[Provided material Boundary: Start]

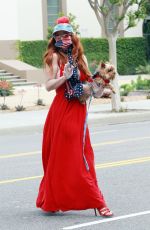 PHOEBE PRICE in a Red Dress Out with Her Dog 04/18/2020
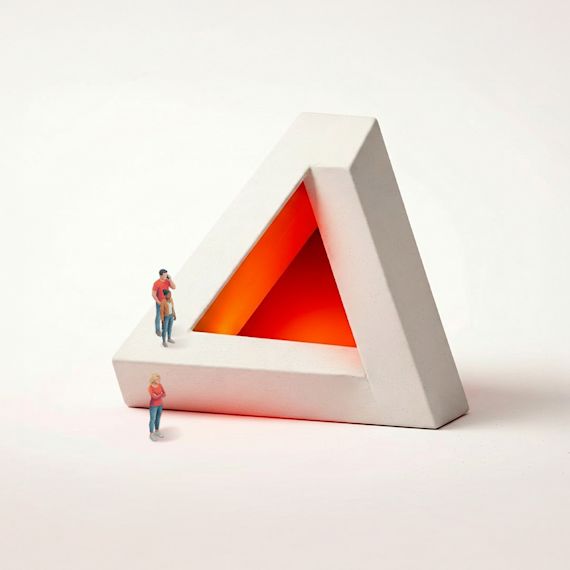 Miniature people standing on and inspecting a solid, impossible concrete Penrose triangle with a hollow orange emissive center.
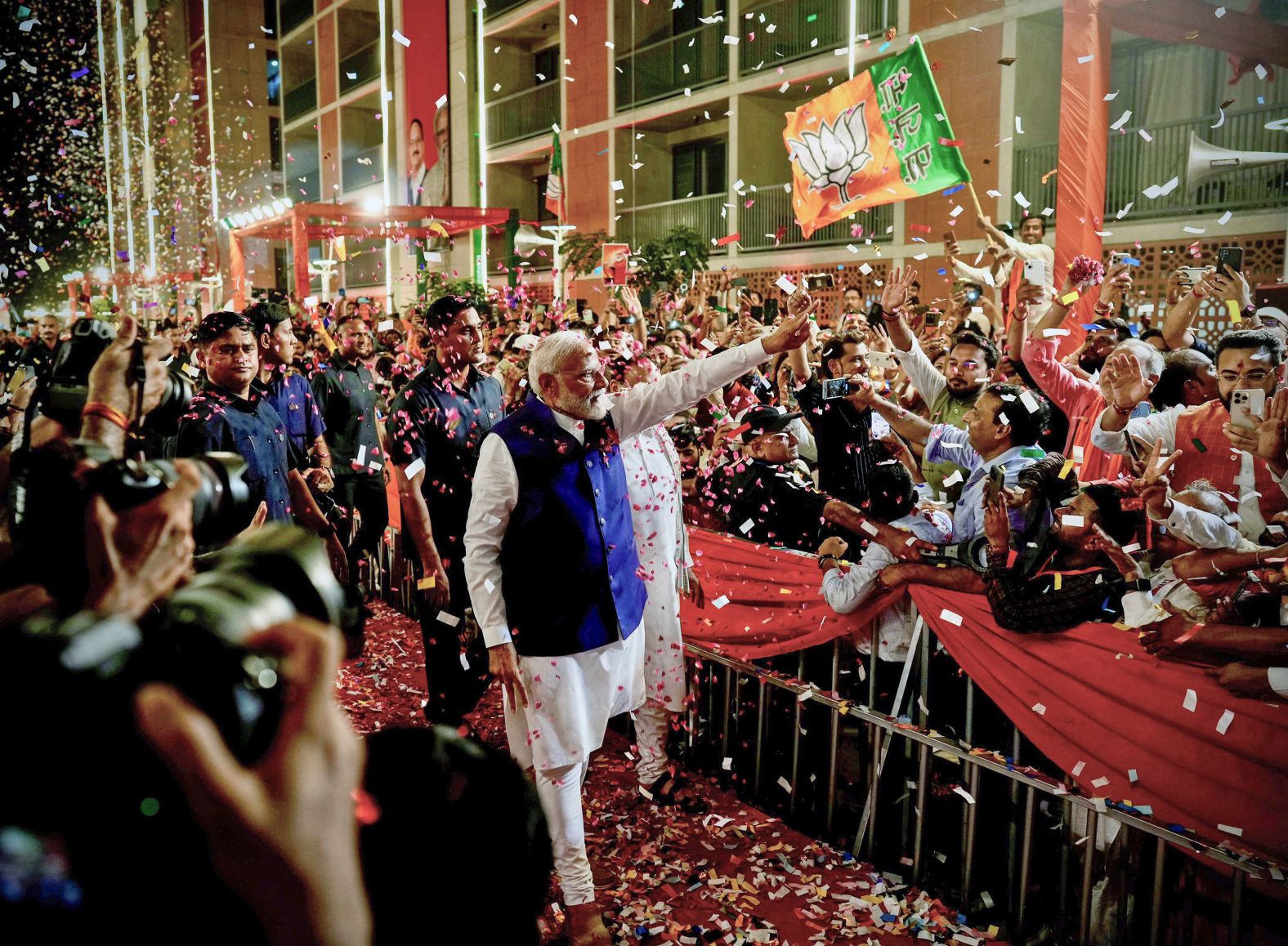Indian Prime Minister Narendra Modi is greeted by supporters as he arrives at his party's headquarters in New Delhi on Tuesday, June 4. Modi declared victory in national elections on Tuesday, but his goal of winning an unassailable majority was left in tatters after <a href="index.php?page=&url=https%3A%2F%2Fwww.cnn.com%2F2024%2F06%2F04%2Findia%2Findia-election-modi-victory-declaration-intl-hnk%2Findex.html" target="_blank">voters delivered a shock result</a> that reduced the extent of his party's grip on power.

[Provided material Boundary: End]

*Work order*.
What you give back must match the material word for word, with no images included.

*Response box*.
 PHOEBE PRICE in a Red Dress Out with Her Dog 04/18/2020
 Miniature people standing on and inspecting a solid, impossible concrete Penrose triangle with a hollow orange emissive center.
Indian Prime Minister Narendra Modi is greeted by supporters as he arrives at his party's headquarters in New Delhi on Tuesday, June 4. Modi declared victory in national elections on Tuesday, but his goal of winning an unassailable majority was left in tatters after <a href="index.php?page=&url=https%3A%2F%2Fwww.cnn.com%2F2024%2F06%2F04%2Findia%2Findia-election-modi-victory-declaration-intl-hnk%2Findex.html" target="_blank">voters delivered a shock result</a> that reduced the extent of his party's grip on power.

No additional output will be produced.